Tarantino makes sure there are no long draggy moments, and every scene will make you laugh, wonder what is going to happen next, or simply want to applaud.
Rick was the star of a TV western called Bounty before he basically gave it up to pursue a career as a movie star.
Though he had one big movie that looks very similar to Tarantino’s Inglorious Basterds, Dalton is now struggling with guest roles in TV series.
The only other option he has left is to take up an offer to do spaghetti westerns, a genre he deplores.
Cliff, on the other hand, is also struggling to land jobs because of rumours that he killed his wife, and the fact that he is not liked by certain stunt directors.
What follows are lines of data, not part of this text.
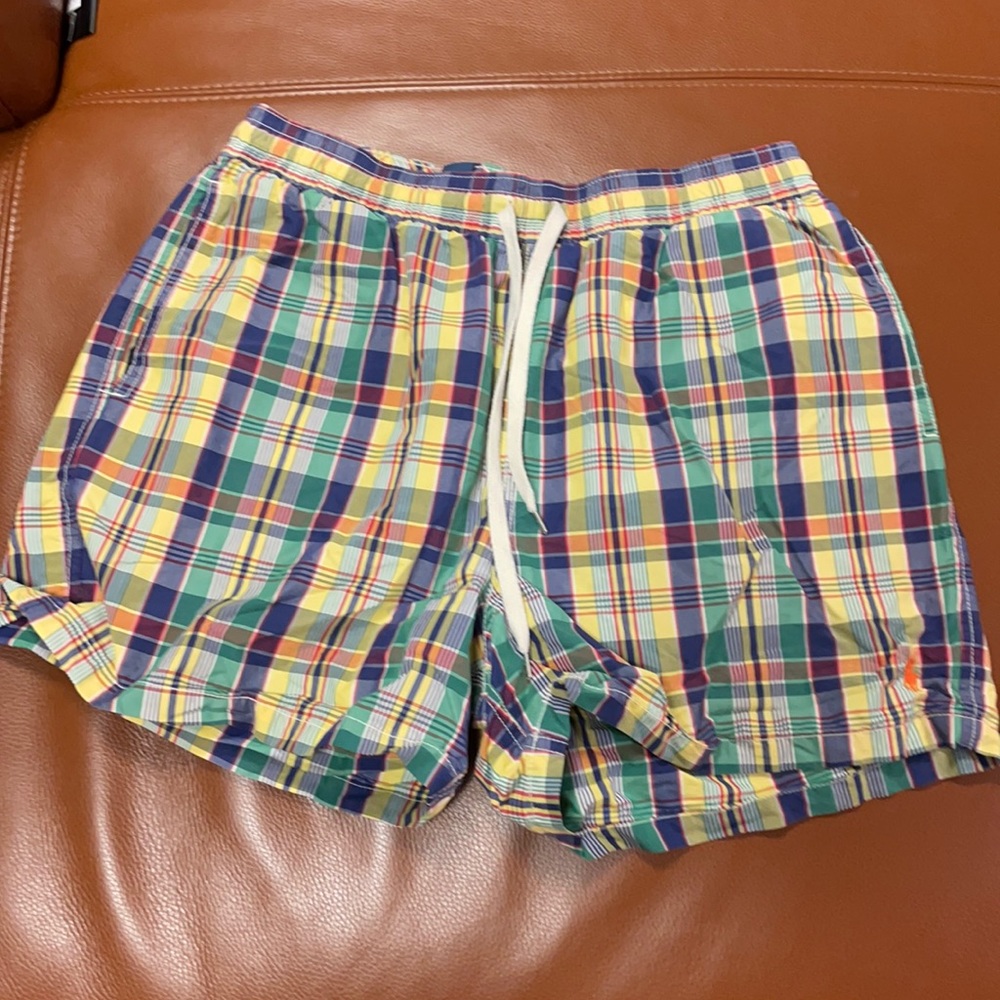 Polo plaid swim trunks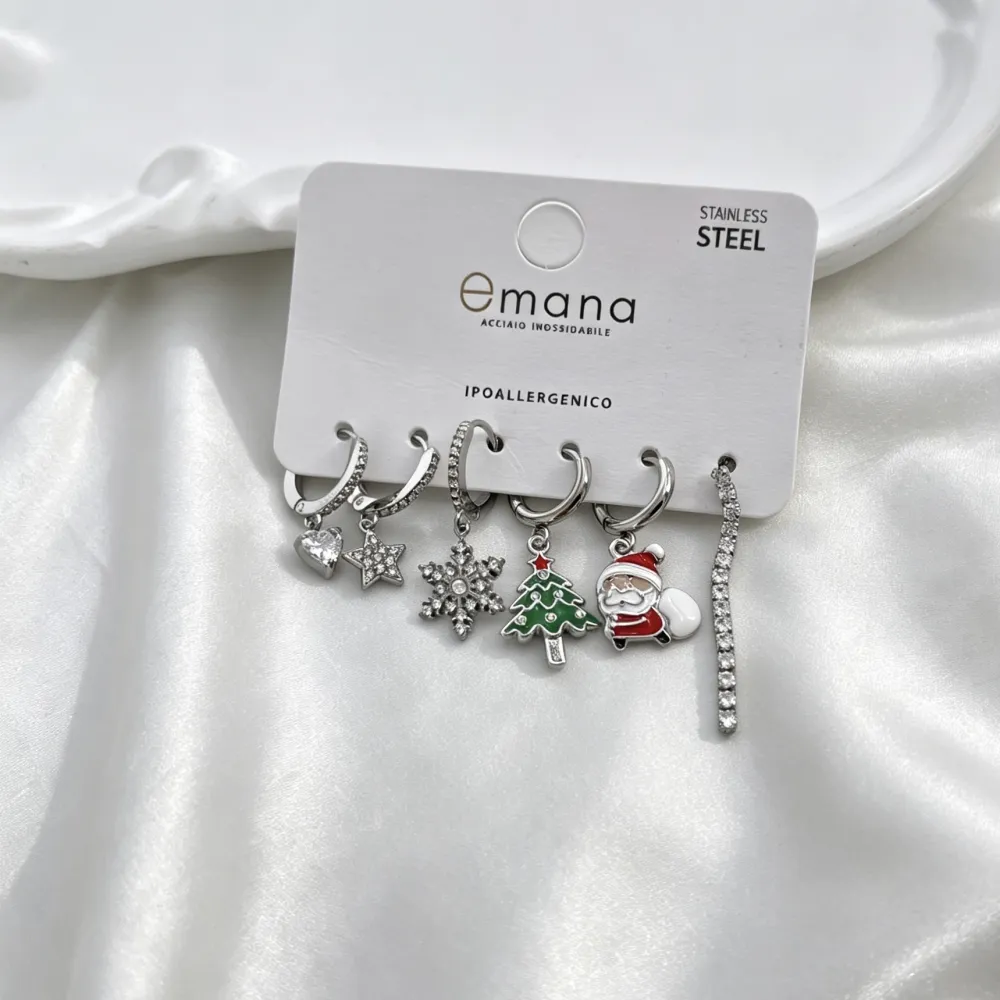 Babbo Natale, Albero di Natale, Fiocco di Neve, Tennis-Set 6pz Orecchini in Acciaio e Zirconia - OR-103-AA7322E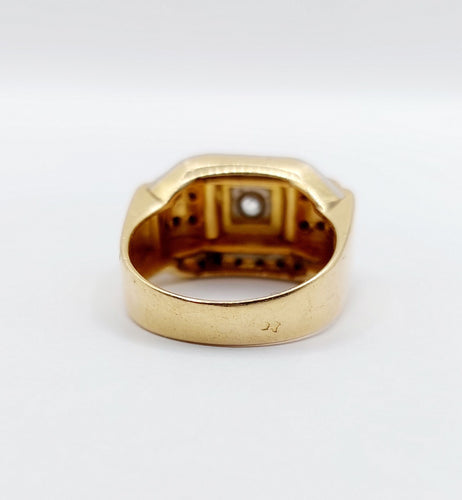 Bague 55 Bague tank art deco or jaune 18k et platine ornée de diamants 58 Facettes A04969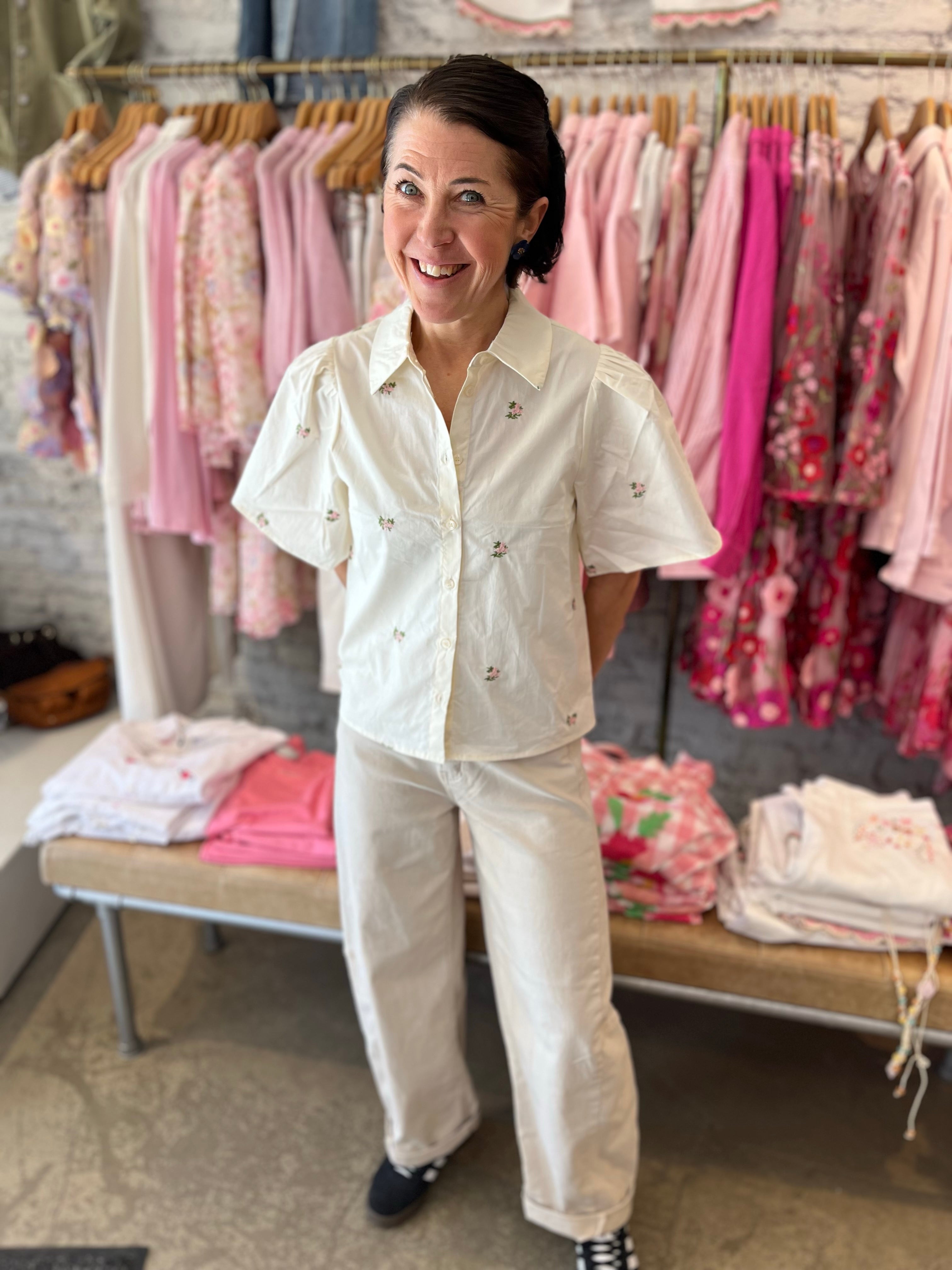 Objmolia Shirt Cloud Dancer emb Flower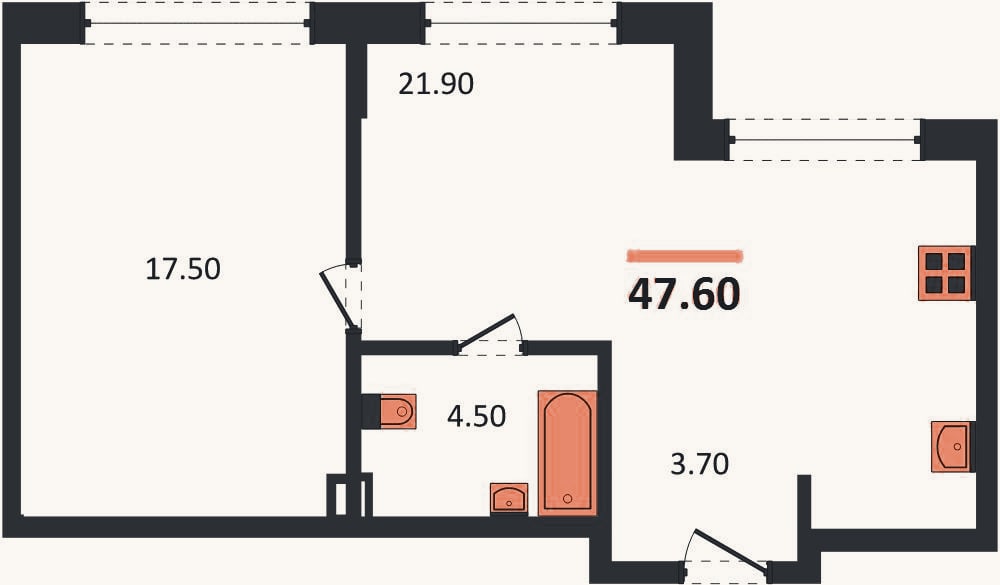 Планировка: 1-к, 47,6 м²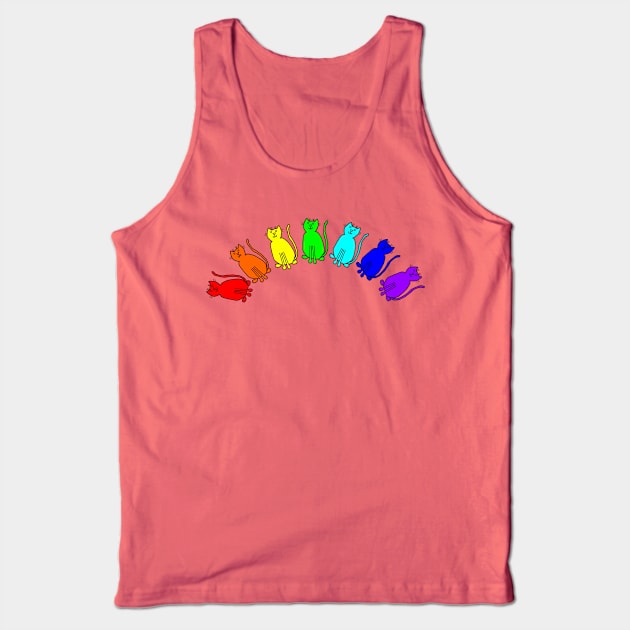 Cats in a Rainbow Tank Top by ellenhenryart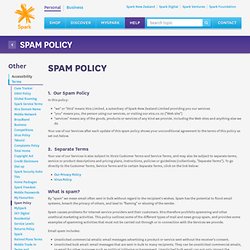 Spam Policy - Terms - Other - Help - Personal - Spark New Zealand.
As Rick tries to rebuild his career (scenes on the set of the western TV show Lancer are pure gold), Cliff discovers something amiss about the hippies hanging around Los Angeles, after giving one of them a ride to a ranch where they used to shoot Bounty.
Intertwining with the story of Rick and Cliff is the story of Rick’s A-list neighbour Sharon Tate (Margot Robbie), who is married to one of Hollywood’s top directors Roman Polanski (Rafal Zawierucha).
Sharon’s story initially seems like an odd fit, but if you have read up on her and how she ultimately died at the hands of Charles Manson’s followers you will get some idea of how this story sort of plays into the whole narrative.
While Rick and Cliff are fictional, you had a whole host of actors playing real-life people who were active in films and television during that era.
Many actors who worked with Tarantino in the past are also cast in small roles.
While it is nice to see all these actors onscreen (including Luke Perry in his final role), star-gazing can also be distracting.
DiCaprio is simply brilliant in this film, and there is an end-credit scene you should wait for.